Jeremy: It is brilliant. It has been hard in a way, because to visit your child in that situation and tell her your good news is like rubbing her nose in it: “Look at what I’ve been doing”. You say to Beth, “What have you done today?”, but that is the wrong question to ask. Because of the media campaign I have been involved in, people have sent greeting cards and gifts to her, and she really looks forward to that. But for a child in a unit there are no experiences to talk about. There is nothing good in Beth’s world, shut in seclusion. Put yourself in her position.
Baroness Lawrence of Clarendon: One of the things was about when she was taken out and she went to a farm. Was that the only time that happened or has it happened again since?
Jeremy: That only happened on Tuesday of this week.
Baroness Lawrence of Clarendon: That is the first time it has happened in the past two years.

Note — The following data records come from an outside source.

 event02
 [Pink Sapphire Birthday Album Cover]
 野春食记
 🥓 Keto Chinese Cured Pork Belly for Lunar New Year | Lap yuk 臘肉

Jeremy: There is nothing in the care plans to repeat that at the moment. It was only because there was a properly equipped and staffed provider who could facilitate that.
Q17 Chair: The Government have given repeated assurances that they want to reduce the number of young people and children who are detained in this way. Is it your view that Jamie and Bethany continue to be detained because of a more generalised problem and that this is why the numbers are not coming down? Do you feel that what happened to Bethany was a one-off terrible abuse of her human rights or a generic problem that is in the system?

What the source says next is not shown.